In Deutschland weisen die DIN-Normen eine lange Tradition auf. Seit über einhundert Jahren entwickelt das Deutsche Institut für Normung entsprechende Standards. Zugleich unterliegen die Normungsprozesse einem Wandel. Heute spielen die Europäisierung und die Internationalisierung eine wichtige Rolle. Die deutsche Organisation übernimmt zum Beispiel viele Regelungen der europäischen Ebene, diese Normen sind mit dem Zusatz EN gekennzeichnet.

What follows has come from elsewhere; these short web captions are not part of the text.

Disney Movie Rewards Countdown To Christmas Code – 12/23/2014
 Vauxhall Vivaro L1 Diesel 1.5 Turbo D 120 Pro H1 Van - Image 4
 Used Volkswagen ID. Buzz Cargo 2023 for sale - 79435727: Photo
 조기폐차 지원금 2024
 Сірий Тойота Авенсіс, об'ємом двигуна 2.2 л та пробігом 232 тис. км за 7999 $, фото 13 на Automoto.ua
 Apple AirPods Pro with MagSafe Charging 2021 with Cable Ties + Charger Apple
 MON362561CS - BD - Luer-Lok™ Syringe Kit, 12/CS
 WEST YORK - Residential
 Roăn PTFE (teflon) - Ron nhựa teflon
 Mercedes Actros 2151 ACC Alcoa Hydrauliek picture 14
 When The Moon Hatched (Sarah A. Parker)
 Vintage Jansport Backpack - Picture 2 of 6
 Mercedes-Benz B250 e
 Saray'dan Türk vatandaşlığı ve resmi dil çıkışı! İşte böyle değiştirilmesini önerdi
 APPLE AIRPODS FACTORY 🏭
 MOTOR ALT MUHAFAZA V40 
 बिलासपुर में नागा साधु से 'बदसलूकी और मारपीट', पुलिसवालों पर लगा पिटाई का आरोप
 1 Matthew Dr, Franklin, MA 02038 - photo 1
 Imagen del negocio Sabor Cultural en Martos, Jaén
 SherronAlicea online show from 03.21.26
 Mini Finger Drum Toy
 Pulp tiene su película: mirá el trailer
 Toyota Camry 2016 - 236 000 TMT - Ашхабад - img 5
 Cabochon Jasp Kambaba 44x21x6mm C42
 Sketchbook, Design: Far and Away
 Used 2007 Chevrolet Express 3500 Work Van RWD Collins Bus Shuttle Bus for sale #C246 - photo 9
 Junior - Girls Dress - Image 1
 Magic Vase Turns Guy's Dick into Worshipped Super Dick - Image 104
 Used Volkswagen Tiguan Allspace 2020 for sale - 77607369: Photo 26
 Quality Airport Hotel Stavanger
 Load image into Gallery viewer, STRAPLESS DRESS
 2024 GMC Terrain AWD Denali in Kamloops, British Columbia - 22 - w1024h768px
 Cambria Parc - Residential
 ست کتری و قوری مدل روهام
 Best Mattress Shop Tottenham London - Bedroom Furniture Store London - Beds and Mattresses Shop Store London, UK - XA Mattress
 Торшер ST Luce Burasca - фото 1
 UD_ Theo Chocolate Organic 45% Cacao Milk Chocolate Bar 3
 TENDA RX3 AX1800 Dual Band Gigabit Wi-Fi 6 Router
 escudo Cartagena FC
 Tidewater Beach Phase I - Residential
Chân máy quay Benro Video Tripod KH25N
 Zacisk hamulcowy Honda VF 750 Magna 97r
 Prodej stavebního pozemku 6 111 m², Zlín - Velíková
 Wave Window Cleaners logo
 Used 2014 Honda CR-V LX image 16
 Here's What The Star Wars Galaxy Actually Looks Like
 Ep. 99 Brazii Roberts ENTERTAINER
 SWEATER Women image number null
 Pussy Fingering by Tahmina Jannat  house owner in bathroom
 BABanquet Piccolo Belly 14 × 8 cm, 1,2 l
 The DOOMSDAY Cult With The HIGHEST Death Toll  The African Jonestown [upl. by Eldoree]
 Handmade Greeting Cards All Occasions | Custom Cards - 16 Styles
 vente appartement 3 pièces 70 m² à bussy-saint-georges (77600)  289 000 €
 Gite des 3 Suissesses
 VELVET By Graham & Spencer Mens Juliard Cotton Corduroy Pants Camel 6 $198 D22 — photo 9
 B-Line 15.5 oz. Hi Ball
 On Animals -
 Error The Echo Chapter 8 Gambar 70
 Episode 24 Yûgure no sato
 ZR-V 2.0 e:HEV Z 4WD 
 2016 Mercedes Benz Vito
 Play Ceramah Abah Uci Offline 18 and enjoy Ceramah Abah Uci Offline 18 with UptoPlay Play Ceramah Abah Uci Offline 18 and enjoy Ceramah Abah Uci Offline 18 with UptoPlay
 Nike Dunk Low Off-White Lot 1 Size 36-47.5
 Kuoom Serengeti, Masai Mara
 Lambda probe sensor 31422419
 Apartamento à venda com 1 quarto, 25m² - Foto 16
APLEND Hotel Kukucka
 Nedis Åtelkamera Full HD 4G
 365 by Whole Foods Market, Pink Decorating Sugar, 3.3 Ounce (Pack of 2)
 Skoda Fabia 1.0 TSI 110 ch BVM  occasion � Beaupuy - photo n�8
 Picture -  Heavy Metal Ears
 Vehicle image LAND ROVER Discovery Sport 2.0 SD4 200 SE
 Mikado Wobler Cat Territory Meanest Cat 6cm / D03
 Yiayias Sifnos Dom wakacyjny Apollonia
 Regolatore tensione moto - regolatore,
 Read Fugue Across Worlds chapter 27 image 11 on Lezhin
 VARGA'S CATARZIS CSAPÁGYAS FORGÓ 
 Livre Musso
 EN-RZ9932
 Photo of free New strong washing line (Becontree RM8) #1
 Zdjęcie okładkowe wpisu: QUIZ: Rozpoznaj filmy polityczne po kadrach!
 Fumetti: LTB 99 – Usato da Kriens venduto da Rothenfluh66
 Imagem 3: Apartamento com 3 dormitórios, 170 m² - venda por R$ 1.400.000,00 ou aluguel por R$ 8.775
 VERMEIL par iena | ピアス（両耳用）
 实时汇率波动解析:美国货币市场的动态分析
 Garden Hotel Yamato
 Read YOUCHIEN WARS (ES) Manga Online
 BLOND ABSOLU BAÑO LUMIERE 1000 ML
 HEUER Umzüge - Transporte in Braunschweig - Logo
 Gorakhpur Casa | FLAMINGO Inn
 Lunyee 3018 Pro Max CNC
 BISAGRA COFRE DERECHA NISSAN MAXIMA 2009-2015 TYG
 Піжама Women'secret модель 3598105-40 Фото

Dem Deutschen Institut für Normung kommt aber weiterhin eine große Bedeutung zu. Erstens etabliert es europäische und internationale Normen hierzulande. Zweitens gehört Deutschland zu den führenden Industrieländern der Welt. Deutsche Unternehmen zeichnen sich durch Innovationskraft aus, mit ihren Erfindungen und Weiterentwicklungen schaffen sie fortwährend Normungsbedarf. Die deutsche Organisation erhält deshalb vielfältige Normungsanträge, die Normungsprozesse einleiten und in der Regel mit der Veröffentlichung einer neuen Norm enden.
Seit 1917: Deutsches Institut für Normung
Die heute bestehende Organisation geht auf den am 22.12.1917 gegründeten Normenausschuss der deutschen Industrie zurück. Der damalige Name zeigt auf, dass es sich vornehmlich um eine Einrichtung der Industriebranche handelte. Bereits 1926 änderten die Verantwortlichen die Bezeichnung in Deutscher Normenausschuss. Sie wollten damit verdeutlichen, dass der Anspruch über die Belange der Industrie hinausgingen.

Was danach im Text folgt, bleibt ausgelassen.